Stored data
---
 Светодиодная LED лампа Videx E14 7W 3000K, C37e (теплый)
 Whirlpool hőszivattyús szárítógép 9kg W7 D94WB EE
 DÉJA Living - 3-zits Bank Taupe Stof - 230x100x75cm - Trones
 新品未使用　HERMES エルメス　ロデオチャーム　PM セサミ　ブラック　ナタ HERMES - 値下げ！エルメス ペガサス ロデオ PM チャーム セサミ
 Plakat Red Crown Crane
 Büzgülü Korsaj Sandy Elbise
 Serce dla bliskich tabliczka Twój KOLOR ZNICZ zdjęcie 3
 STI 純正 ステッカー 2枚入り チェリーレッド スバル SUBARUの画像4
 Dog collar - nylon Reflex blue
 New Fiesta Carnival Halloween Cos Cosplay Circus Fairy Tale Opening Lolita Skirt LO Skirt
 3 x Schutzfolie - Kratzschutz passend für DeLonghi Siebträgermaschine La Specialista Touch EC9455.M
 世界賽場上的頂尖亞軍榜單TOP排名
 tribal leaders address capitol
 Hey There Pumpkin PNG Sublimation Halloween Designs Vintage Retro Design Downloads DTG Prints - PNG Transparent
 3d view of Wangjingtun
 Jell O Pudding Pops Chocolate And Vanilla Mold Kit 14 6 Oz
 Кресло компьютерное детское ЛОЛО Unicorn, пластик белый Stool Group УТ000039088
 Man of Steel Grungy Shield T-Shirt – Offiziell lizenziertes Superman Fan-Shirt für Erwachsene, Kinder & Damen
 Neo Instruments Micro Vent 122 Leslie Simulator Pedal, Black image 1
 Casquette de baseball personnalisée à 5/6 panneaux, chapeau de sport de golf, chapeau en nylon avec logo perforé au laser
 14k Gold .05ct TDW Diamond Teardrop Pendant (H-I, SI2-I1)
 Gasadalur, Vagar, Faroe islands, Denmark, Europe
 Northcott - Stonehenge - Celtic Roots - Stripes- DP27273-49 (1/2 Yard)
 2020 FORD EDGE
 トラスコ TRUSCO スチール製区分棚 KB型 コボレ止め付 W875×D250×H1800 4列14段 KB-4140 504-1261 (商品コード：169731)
---
What to produce
Work out how many lines above contain "Halloween"; write only the number.

Exercise result
2